# Wigs....Care



## ScareShack (May 26, 2006)

Before I attempt this I figure I will ask and maybe someone can help.
I have 2 wigs that have gotten tangled.
I tried brushing them out but no luck. I was thinking if maybe I shampooed them it would make it easier to brush out. Not sure if it will work and I really dont want to ruin them. Any tips?

thanks


----------



## Black Cat (Aug 20, 2005)

ScareShack I had to untaggle a few wigs a couple years ago.
I shampooed them and then used a leave in conditioner. I was then able to untaggle them with a wide tooth comb. If I ran into a larger tangle I just used more leave in conditioner in that area. Comb them out when they are wet with the conditioner.
After I got them untagled and the hair was dry, I then braided it.
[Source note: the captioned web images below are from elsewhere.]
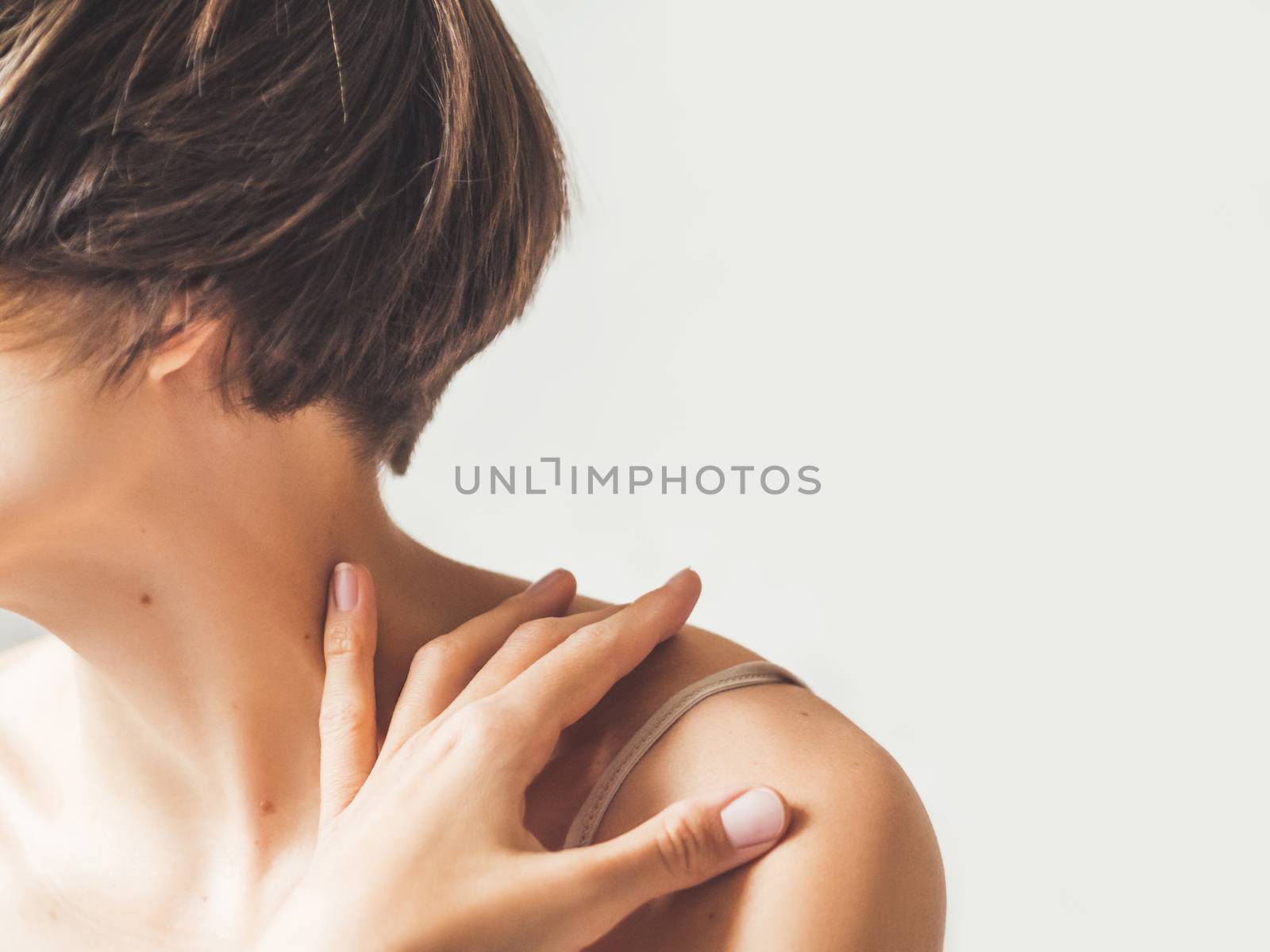 Close up portrait of woman with short hair cut on white background. Natural beauty without make up.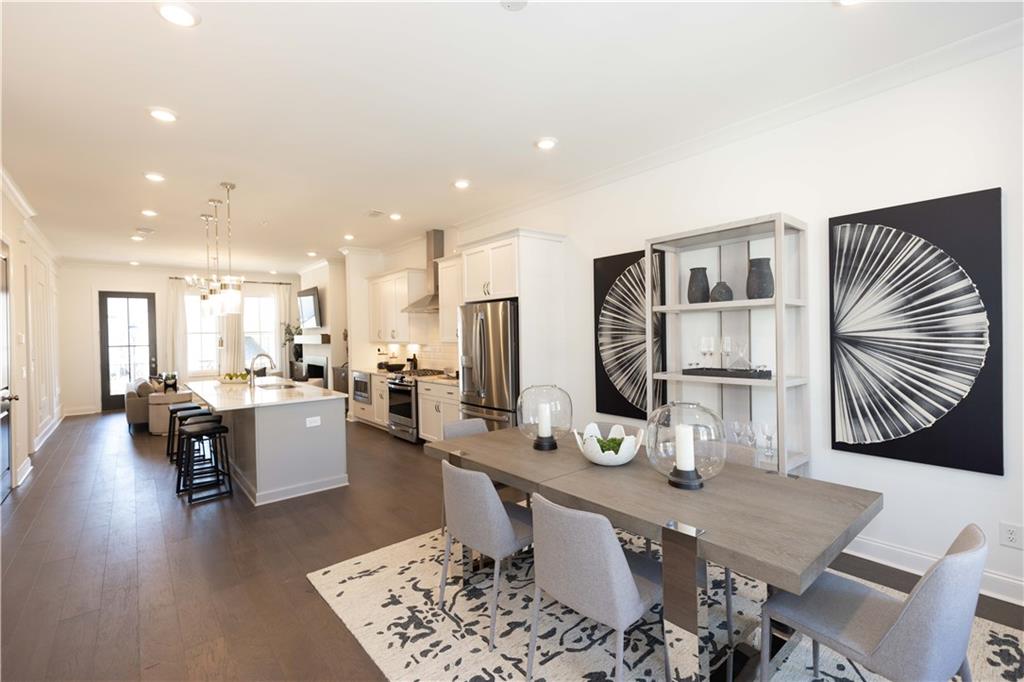 a large kitchen with a table and chairs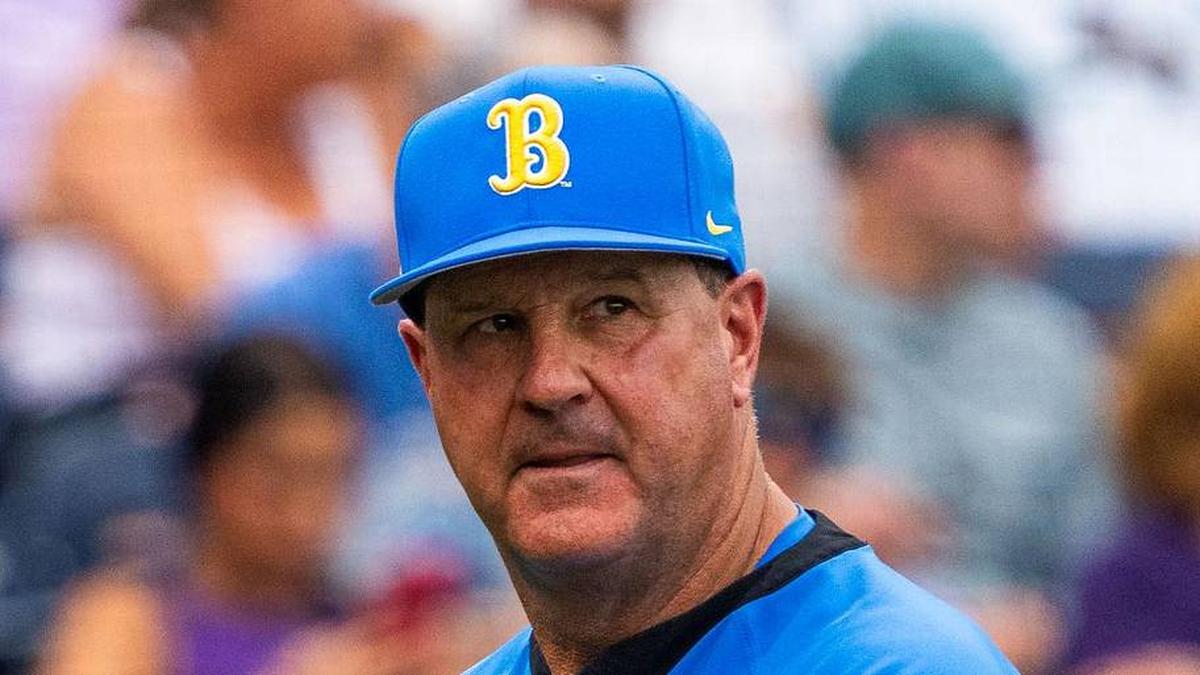  Jun 16, 2025; Omaha, Neb, USA; UCLA Bruins head coach John Savage walks off the field before the game against the LSU Tigers at Charles Schwab Field. Mandatory Credit: Dylan Widger-Imagn Images | Dylan Widger-Imagn Images 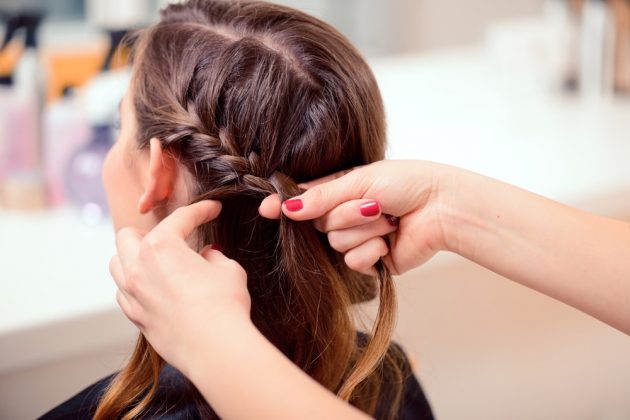 Mulher trançando o cabelo de outra mulher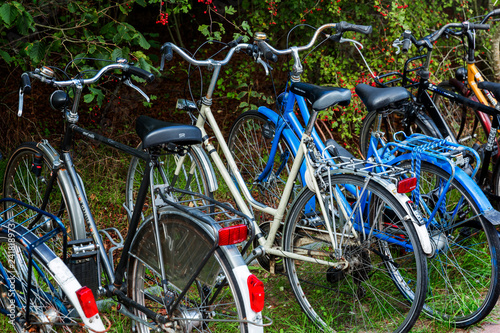 Amsterdam, The Netherlands - September 1, 2018: Dutch granny bikes lined up in a row. These types or styles of bikes are also referred to as station bikes, but for some, their only bike.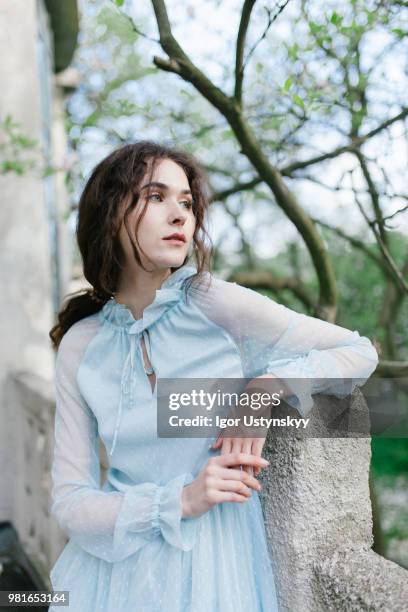 young woman resting in public park - リヴィウ ストックフォトと画像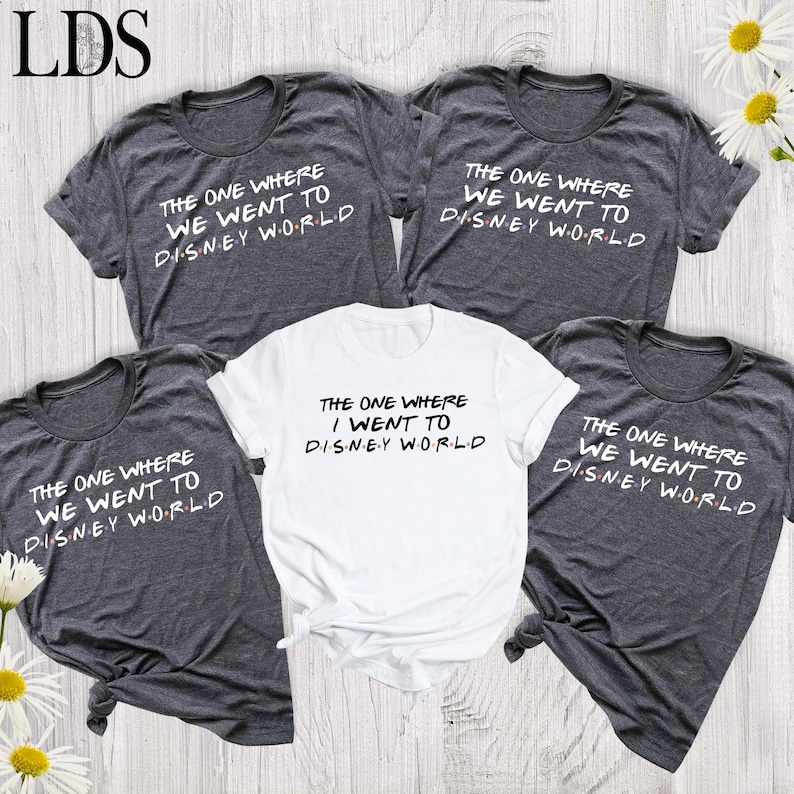 May include: Four short-sleeved t-shirts, three in dark heather gray and one in white, each featuring the black text "THE ONE WHERE WE WENT TO DISNEY WORLD" or "THE ONE WHERE I WENT TO DISNEY WORLD" with colorful dots between the letters of Disney World.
For shorter hair I would try placing a bag around it to keep it tangle free.
Hope that helps.


----------



## Lilly (Jun 13, 2006)

I'm sure they can be washed..after all they will pick up stuff smoke and others smells just like reg hair..
maybe some johnsons no more tangles shampoo..nix that the site below says only made for wig products should be used.

check this out John
http://www.headcovers.com/care_wigs.php


----------



## ScareShack (May 26, 2006)

Thanks for the help guys, ill give it a shot.


----------